*** Opening of Information shown ***

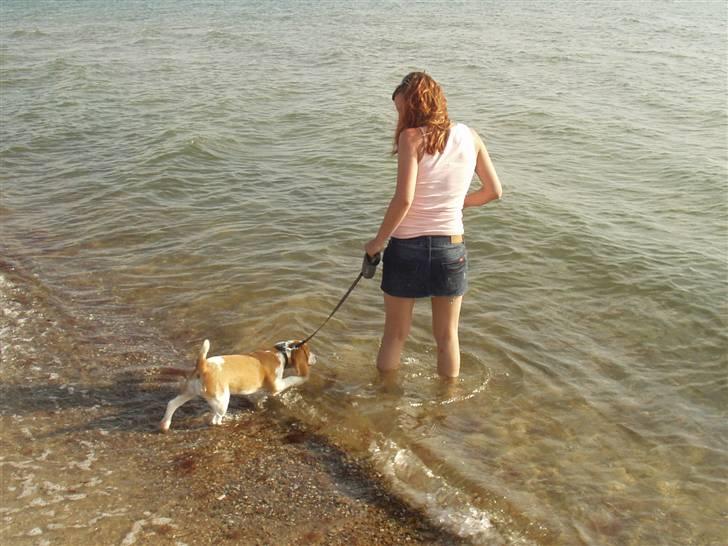 Beagle Maggie - Hov Mor lokkede mig med i vandet... billede 10
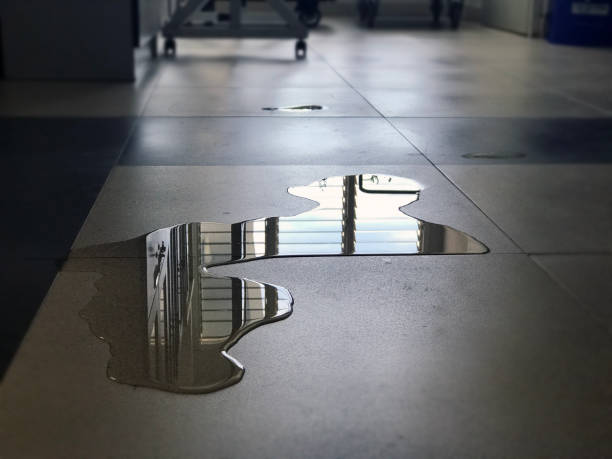 Best Water damage contractors near me  in Lake Forest Park, WA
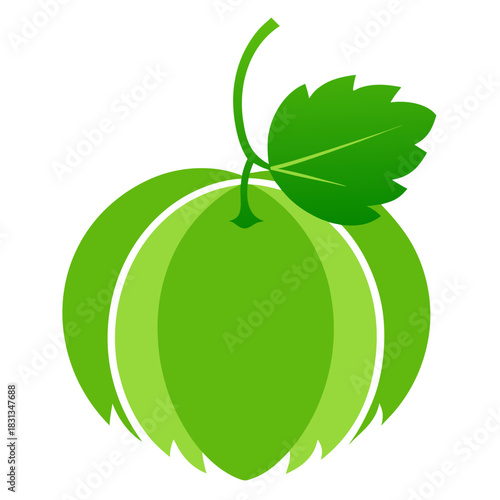  green gooseberry silhouette on white background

*** Close of Information shown ***

• **Task goal**: Return the full material word for word. Do not include the pictures.

• **Response**:
 Beagle Maggie - Hov Mor lokkede mig med i vandet... billede 10
 Best Water damage contractors near me  in Lake Forest Park, WA
  green gooseberry silhouette on white background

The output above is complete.